In a recent blog post at O’Reilly, Giles Turnbull writes, “A while ago, I thought I’d try an experiment: could I organise all my work, all my personal stuff, all my writing, in one huge text file?” You may think he’s crazy, but my first thought was “Cool! Another geek like myself who keeps everything in text files.”
Let’s face it. Despite all of the digital realm’s advances, it’s often the simplest and most efficient way to keep our information bits together on our computer. As a designer, a consultant, and a business owner, I’ve experimented with many different organizational options, both online and OS-installed, and it always comes down to this – no one system has been flexible enough to meet every information need other than a simple file (for me, written or stored in TextEdit) or my own personal blog database. Traditional software like Office are clunky and bore me with their slow start-ups, dated paradigm, and overloaded interfaces. OSX software programs are light years ahead of of Microsoft, but they often lack integration with my web life. New web-based apps (Basecamp, del.icio.us, Flickr, and others) are much more specialized, up to date and flexible, but there’s a definitely a disconnect in assuming I can always be online to access my own info-bits.
The other disconnect that occurs in my mental map is the overlap between various info-bits. On my computer, Tiger’s new Spotlight search definitely attempts to solve this problem by searching through file names and the content of the files themselves. So if I look for “new york city,” search results will include files with those keywords as well as any documents where I’ve used those words.
But what if I’ve also stored notes about upcoming exhibits in New York City in my Backpackit page online, or I have 515 photos tagged NYC on Flickr? I have to make my own associations in other ways (more text files to keep notes) or just let them exist as separate spheres of information – not sortable or comparable other than in my own head.
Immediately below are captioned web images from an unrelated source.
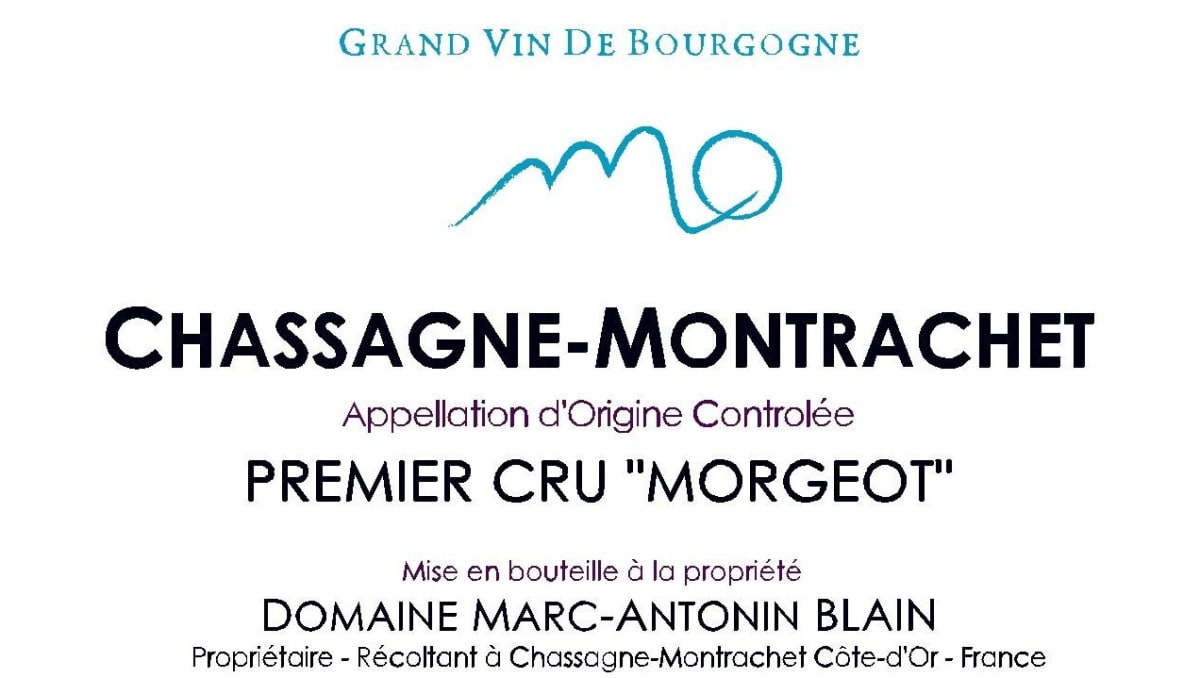 Domaine Blain Chassagne-Montrachet Morgeot Premier Cru 2011 Front Label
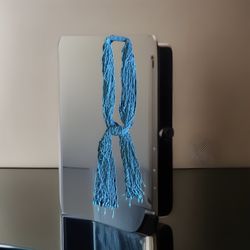 Turquoise Seeds Beads Necklace Or Belt Thousands Of Glass Beads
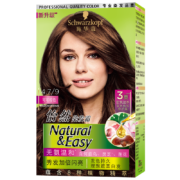 施华蔻（Schwarzkopf）怡然染发霜4.7/9可可棕色(草本染发剂 染发膏 遮白发)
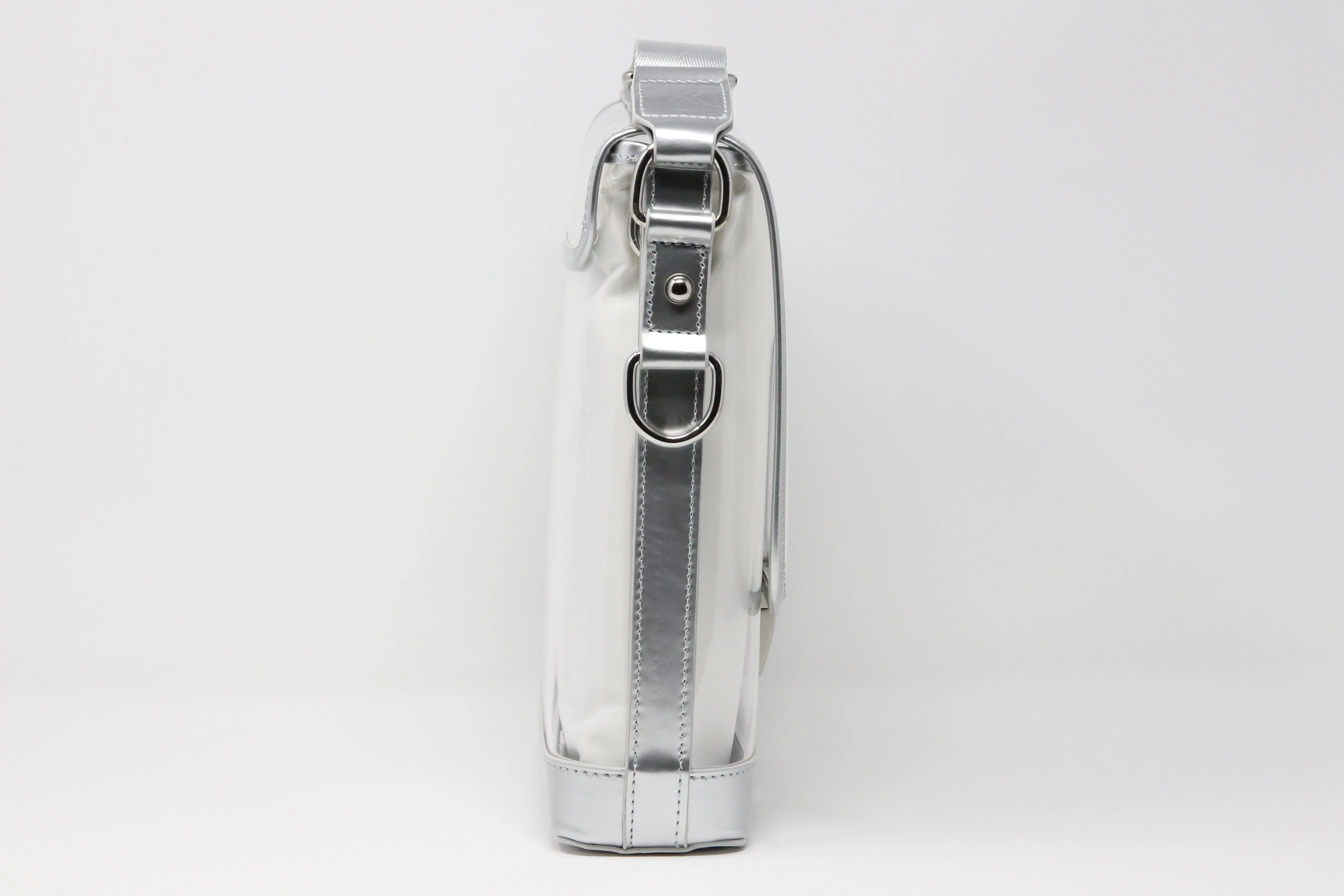 Messenger - Silver Holographic Patent Leather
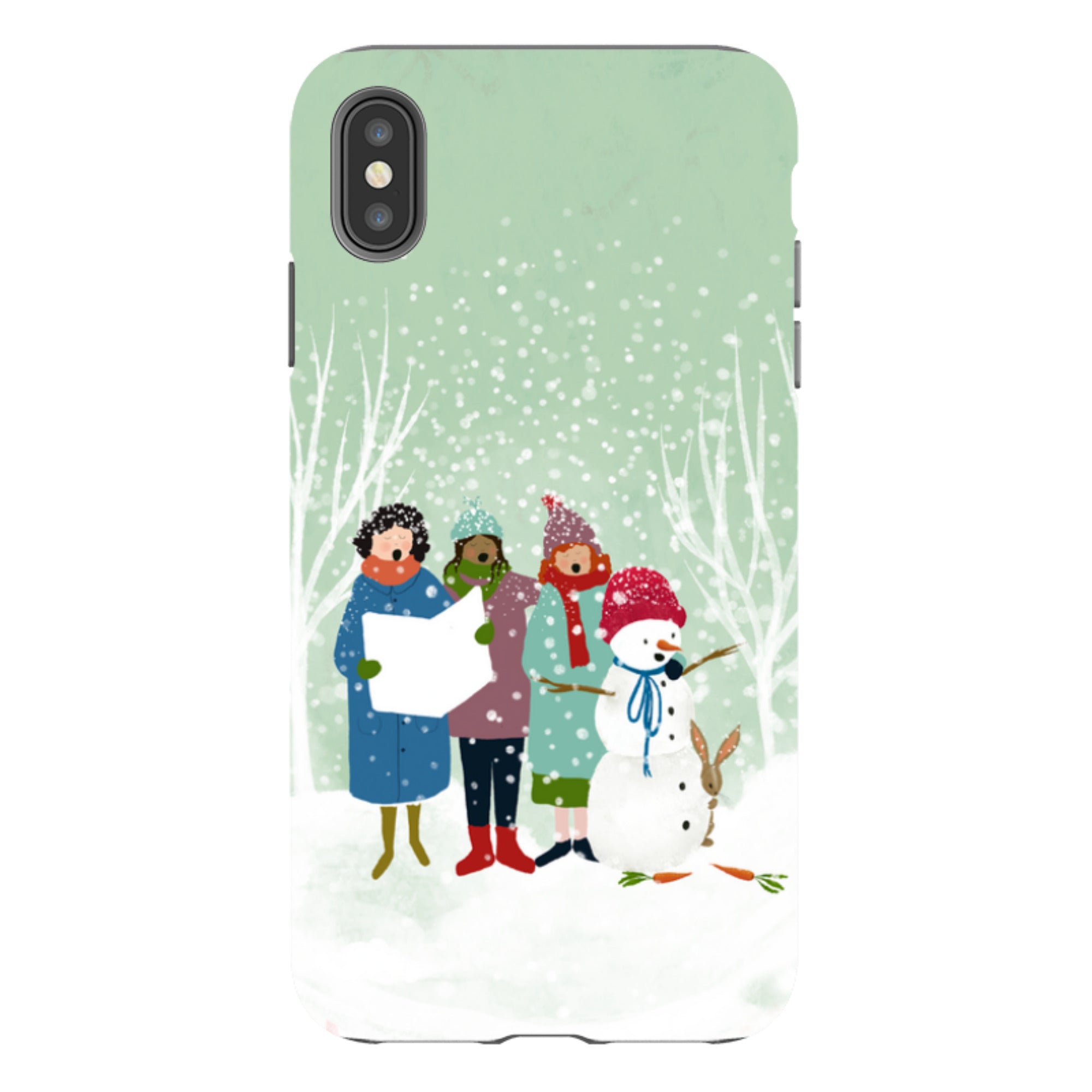 iPhone Tough Case - Card Singers 3 By Katherine Quinn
Of course, in this age of info-bit overload, even one huge text file isn’t going to suffice. As Giles writes, “I tried it. It wasn’t easy. While it’s sort-of comforting to know that you have everything you need at your disposal, it’s also a little daunting. Where did I leave that half-finished snippet of writing about such-and-such? I hope I can find it somewhere in this 4,000-line file…”
So how do we manage the steady stream of information flowing to us from both the online and offline world? A friend of mine has more than 500 feeds in his RSS reader. The popular blog community Livejournal has more than 7 million users with over 10,000 posts per hour. A recent story from BBC News says that “one blog is added to the blogosphere every second… A new blog is created about every second, there are over 80,000 created daily. About 55% of all blogs are active, and that has remained a consistent statistic for at least a year.”
With this amount of data, people’s desire for integrated information tools will only continue to grow at the same phenomenal rate.
- Neil Hinrichsen on September 30, 2005 at 03:00 AM:
I feel your pain! I have also battled to find ways of organising a deluge of information. Here’s what works for me:
Treepad outliner – for all my notes on a book I’m writing, in one database, and everything else in my life in another database.
Net Snippets – allows me to instantly cut whole pages, just snippets, or just links to Web pages; stores them as HTML files in a file folder structure, so accessible to other applications, including Google desktop search. Basic version is free. Invaluable.
- Emily on September 30, 2005 at 05:07 AM:
Neil, thanks for the tips! Look forward to trying those out.